Exercise directions:
All lines from the one with "All American Mama" through the last line of the data below should be copied exactly; please add nothing.

Short web captions:
§
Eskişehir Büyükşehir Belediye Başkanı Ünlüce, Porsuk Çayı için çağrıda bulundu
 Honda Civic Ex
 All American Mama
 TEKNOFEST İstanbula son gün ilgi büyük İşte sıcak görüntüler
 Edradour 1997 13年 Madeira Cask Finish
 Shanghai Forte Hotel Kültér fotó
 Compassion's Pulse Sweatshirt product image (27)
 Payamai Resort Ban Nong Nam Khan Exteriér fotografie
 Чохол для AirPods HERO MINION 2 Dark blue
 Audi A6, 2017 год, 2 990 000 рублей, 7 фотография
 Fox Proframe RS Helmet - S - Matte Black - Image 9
§
Final answer:
 All American Mama
 TEKNOFEST İstanbula son gün ilgi büyük İşte sıcak görüntüler
 Edradour 1997 13年 Madeira Cask Finish
 Shanghai Forte Hotel Kültér fotó
 Compassion's Pulse Sweatshirt product image (27)
 Payamai Resort Ban Nong Nam Khan Exteriér fotografie
 Чохол для AirPods HERO MINION 2 Dark blue
 Audi A6, 2017 год, 2 990 000 рублей, 7 фотография
 Fox Proframe RS Helmet - S - Matte Black - Image 9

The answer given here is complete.